Helalleşme oldu AKP ile yumuşama!

05 Mayıs 2024 Pazar

Kemal Kılıçdaroğlu’nun yıllarca sürdürdüğü siyasal İslamcı ve sağcılarla helalleşme politikası, 14 Mayıs’ta iktidarı beş yıl daha AKP’ye teslim ederken 28 Mayıs’ta Erdoğan’ın bir kez daha cumhurbaşkanlığı koltuğuna oturmasına yol açtı.

Ardından Kılıçdaroğlu’nun koltuğuna Özgür Özel oturunca toplum “değişim” yapıldığına ikna edildi. Oysa görüldü ki helalleşme politikası değişmemiş, tersine ilerletilmişti. O kadar ki 31 Mart’ta birinci parti konumuna gelen CHP’nin genel başkanı Özel, “Makama saygıdan asla taviz yok. Sayın Cumhurbaşkanı’ndan randevu isteyeceğim. Nerede randevu verirse orada görüşeceğim. Ben milletin göreve getirdiği bir insanı yok sayarsam bu doğru bir şey değil” diyerek 8 Nisan’da yandaş Sabah’a manşet oldu.

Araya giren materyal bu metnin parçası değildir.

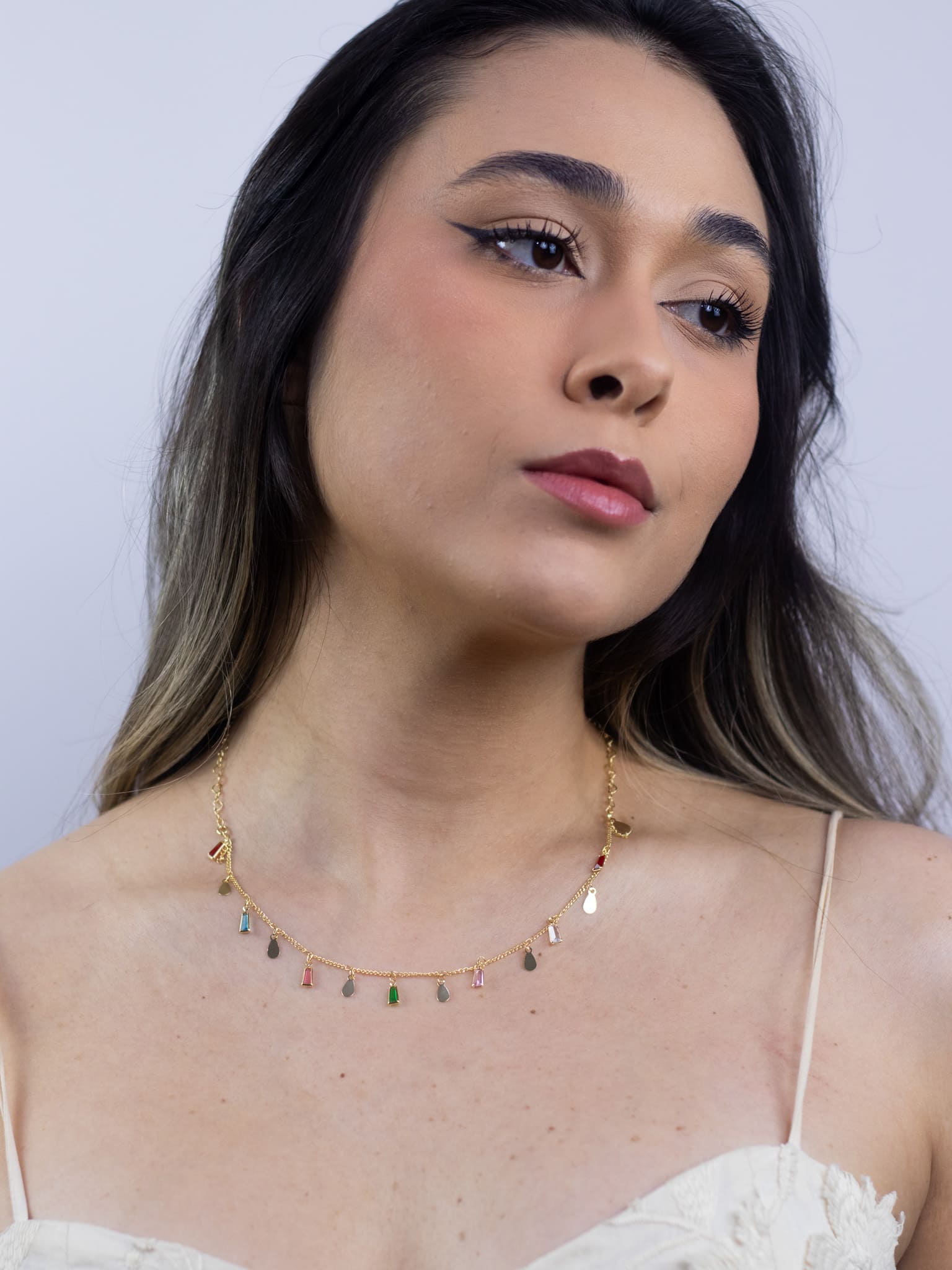 Choker Gota de Metal com Cristal Colorido Banhado a Ouro 18k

Özel bu sözleriyle, Kılıçdaroğlu’nu “makama saygısız, milletin göreve getirdiğini yok sayan bir lider” olarak resmederken Erdoğan’ın cumhurbaşkanlığı konumunu güçlendirdi. Muhalefetin onca yıl savunduğu seçim hileleri, hukuksuz seçimler ve anayasaya aykırı adaylıklar, hepsi tuzla buz oldu. AKP’ye tarihi bir seçim yenilgisi yaşatılsa da erken seçim gündemden kalktı.

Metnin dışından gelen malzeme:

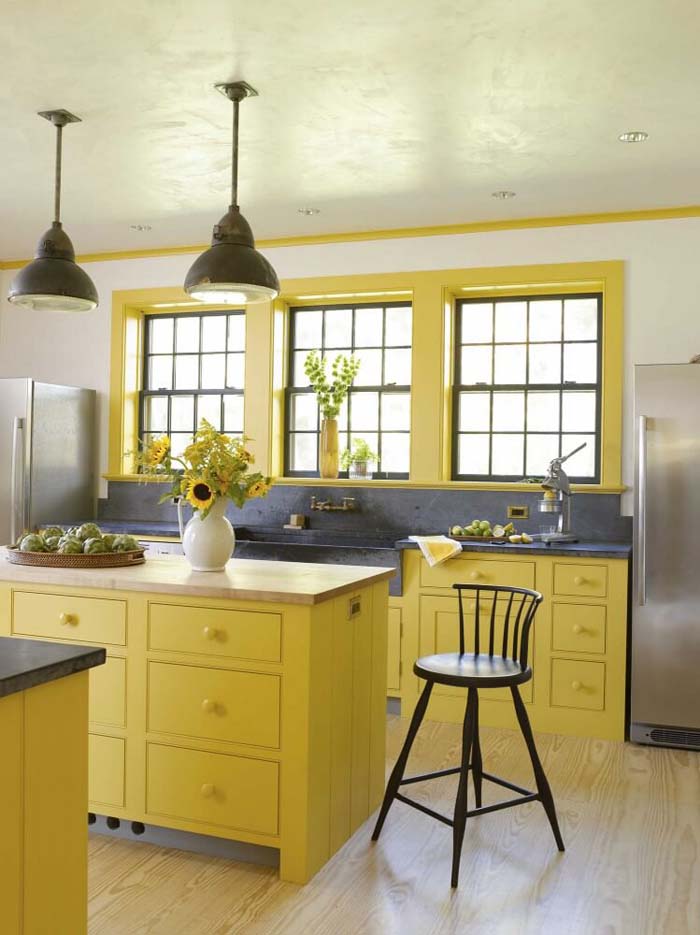 Industrial Lighting and Yellow Cottage Kitchen #cottage #kitchen #decorhomeideas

23 Nisan’da TBMM’nin 104. kuruluş yıldönümü oturumuna katılmayıp İsmailağa Cemaati’nin şeyhinin cenazesine katılan Erdoğan, aynı gün Özel’i TBMM resepsiyonunda çaya davet etti. Sonunda Özel, istediği randevuyu aldı ve 1 Mayıs’ta Anayasa Mahkemesi’nin açık kararına karşın, Taksim’i işçilere kapatıp şiddet uygulayan iktidarın lideri ile ertesi gün AKP Genel Merkezi’nde buluştu.

KUTUPLAŞMANIN SORUMLUSU ERDOĞAN

2 Mayıs’taki görüşmeden sonra, “İktidar ve ana muhalefet arasında aslında olumlu bir gelişme oldu. Bundan önceki süreçlerde bu tür adımlar maalesef atılmıyordu. Bu adımın atılmasıyla siyasetin ülkemizde yumuşama dönemine girdiğini görüyoruz” diyen Erdoğan yeni dönemin adını da koydu: YUMUŞAMA!

O da böylece önceki dönemde siyasetteki gerginliğin sorumlusu olarak Kılıçdaroğlu’nu gösterdi. Kılıçdaroğlu’nun genel başkanlık döneminde izlediği siyaseti en çok eleştiren yazarlar arasındayım, yıllardır bu köşede birçok yazı yazdım, seçimden sonra genel başkanlıktan ayrılması gerektiğini düşünenlerden biriyim.

Ancak Türkiye’deki kutuplaşmanın nedeni Kılıçdaroğlu değildi. Bunun bir numaralı sorumlusu, önüne gelene hakaret eden, anayasayı sürekli çiğneyerek hukuk devletini yerle bir eden, Türkiye Cumhuriyeti’ni adeta Osmanlı monarşisine, laik devleti tarikat ve cemaat devletine çeviren, izlediği zikzaklı politikalarla ülkeyi şirazesinden çıkaran Erdoğan’dır.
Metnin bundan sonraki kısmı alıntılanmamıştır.